For example, if we have five acceptors, as long as we require collecting votes from four of them to win the election round, we can allow the leader to wait for responses from two nodes during the replication stage. Moreover, since there’s an overlap between any subset consisting of two acceptors with the leader election quorum, we can submit proposals to disjoint sets of acceptors. Intuitively, this works because whenever a new leader is elected without the current one being aware of it, there will always be at least one acceptor that knows about the existence of the new leader.

Flexible Paxos allows trading availability for latency: we reduce the number of nodes participating in the second phase but have to collect more votes, requiring more participants to be available during the leader election phase. The good news is that this configuration can continue the replication phase and tolerate failures of up to N - Q₂ nodes, as long as the current leader is stable and a new election round is not required.

Another Paxos variant using the idea of intersecting quorums is Vertical Paxos. Vertical Paxos distinguishes between read and write quorums. These quorums must intersect.

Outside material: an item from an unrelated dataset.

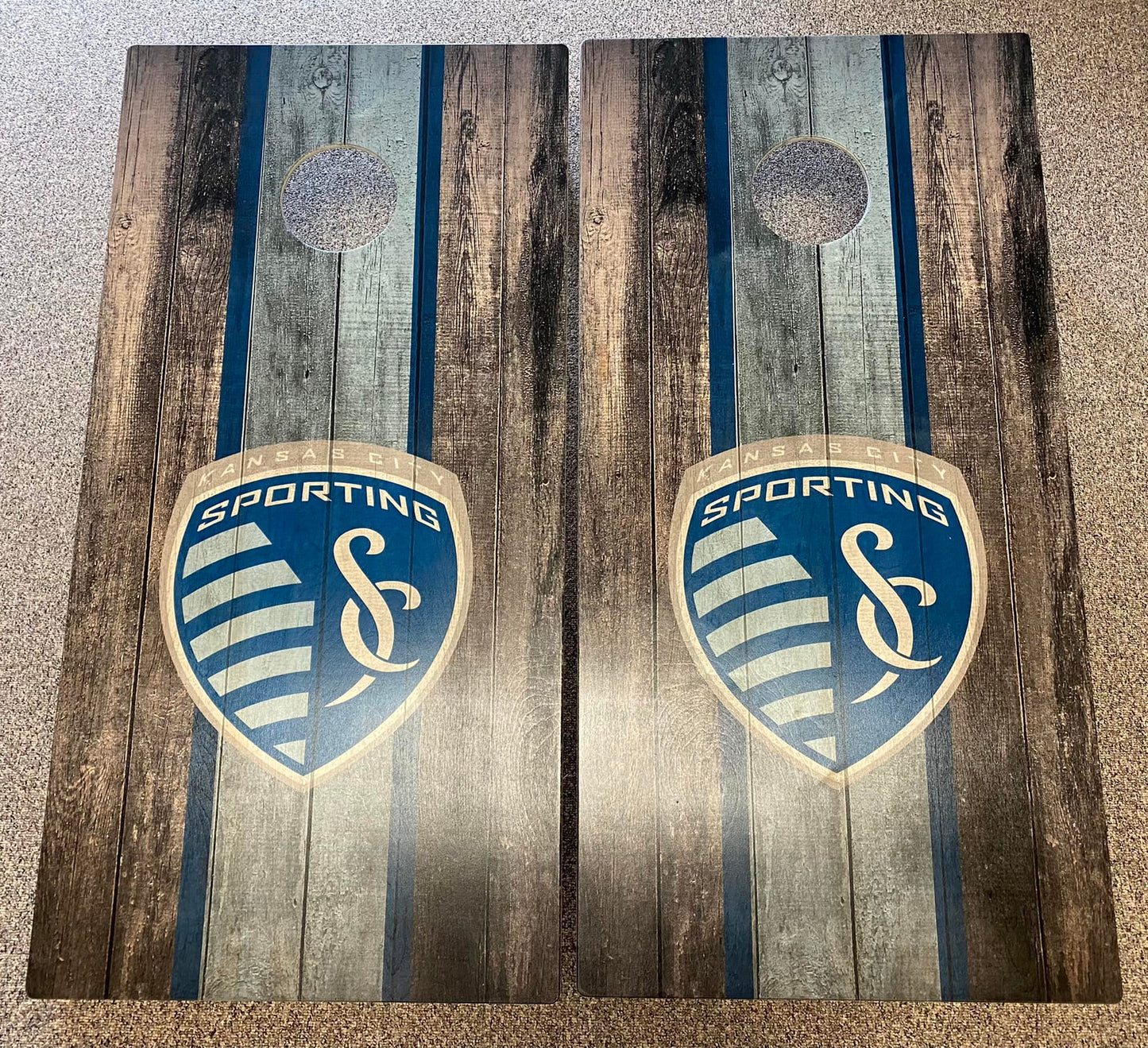 Custom Cornhole Boards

A leader has to collect a smaller read quorum for one or more lower-numbered proposals, and a larger write quorum for its own proposal [LAMPORT09]. [LAMPSON01] also distinguishes between the out and decision quorums, which translate to prepare and accept phases, and gives a quorum definition similar to Flexible Paxos.

Generalized Solution to Consensus

Paxos might sometimes be a bit difficult to reason about: multiple roles, steps, and all the possible variations are hard to keep track of. But we can think of it in simpler terms. Instead of splitting roles between the participants and having decision rounds, we can use a simple set of concepts and rules to achieve guarantees of a single-decree Paxos. We discuss this approach only briefly as this is a relatively new development [HOWARD19]—it’s important to know, but we’ve yet to see its implementations and practical applications.

We have a client and a set of servers. Each server has multiple registers. A register has an index identifying it, can be written only once, and it can be in one of three states: unwritten, containing a value, and containing nil (a special empty value).

Registers with the same index located on different servers form a register set. Each register set can have one or more quorums. Depending on the state of the registers in it, a quorum can be in one of the undecided (Any and Maybe v), or decided (None and Decided v) states:

Any: Depending on future operations, this quorum set can decide on any value.
Maybe v: If this quorum reaches a decision, its decision can only be v.
None: This quorum cannot decide on the value.
Decided v: This quorum has decided on the value v.

The client exchanges messages with the servers and maintains a state table, where it keeps track of values and registers, and can infer decisions made by the quorums.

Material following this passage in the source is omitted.